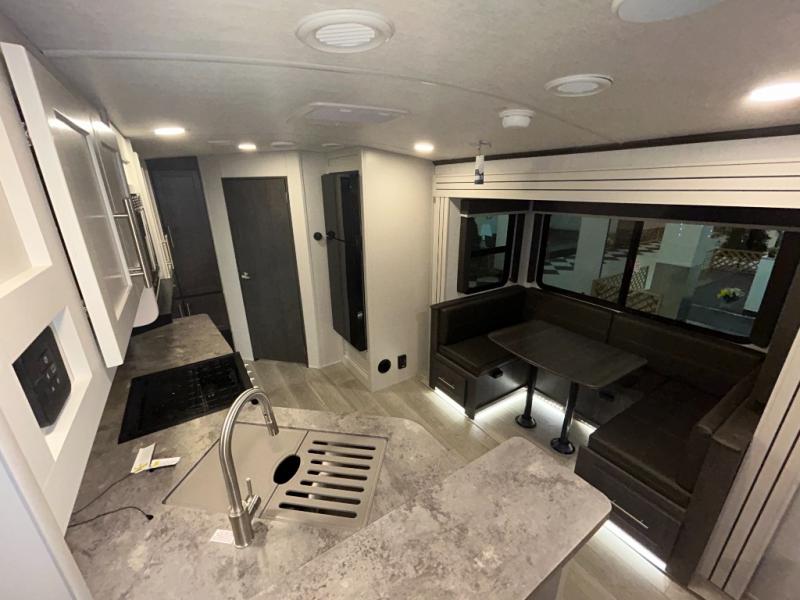 2026 Keystone Cougar Half-Ton (Travel Trailer) 22R, $ 35,998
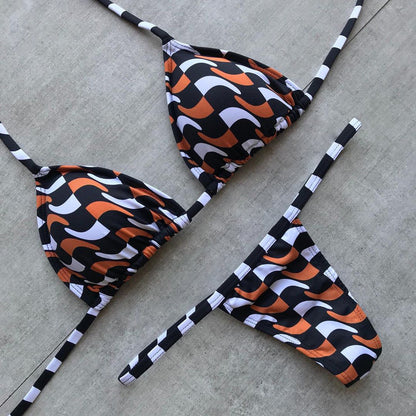 Well Tailored Bikini with a Graceful Silhouette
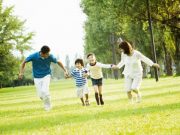 10 quà tặng ý nghĩa thực sự cha mẹ dành cho con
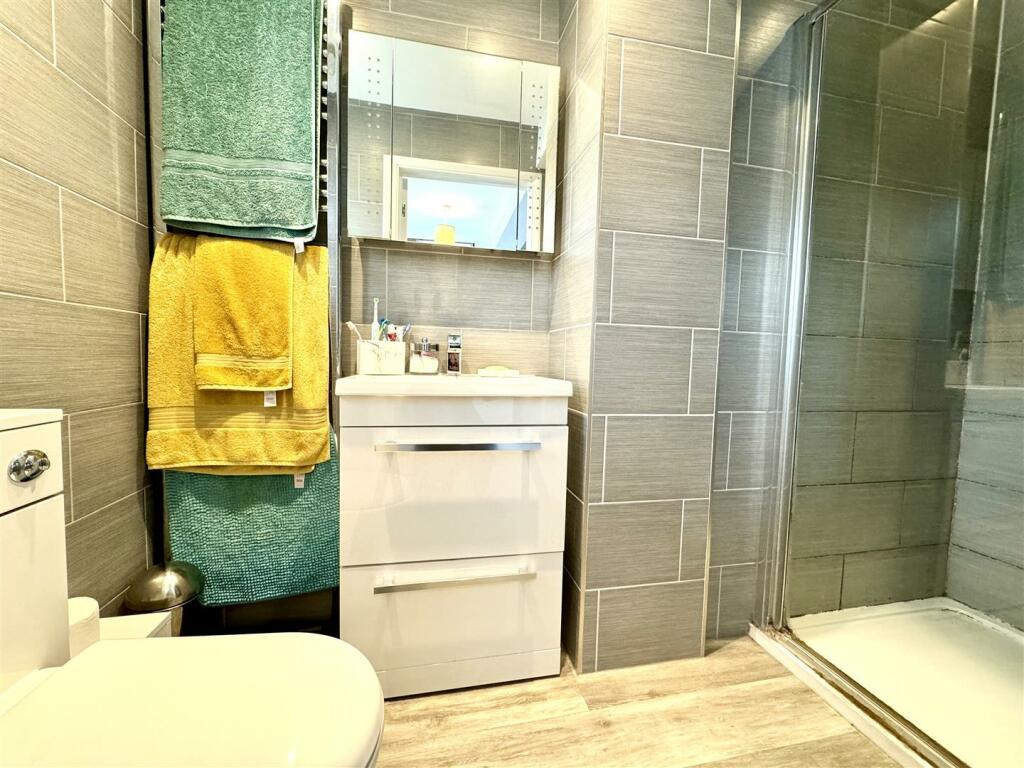 EN-SUITE:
|---|
■ WHAT TO WORK ON
Transcribe the listing exactly, skipping pictures.

■ SOLUTION FOR THIS EXERCISE
 2026 Keystone Cougar Half-Ton (Travel Trailer) 22R, $ 35,998
 Well Tailored Bikini with a Graceful Silhouette
 10 quà tặng ý nghĩa thực sự cha mẹ dành cho con
 EN-SUITE:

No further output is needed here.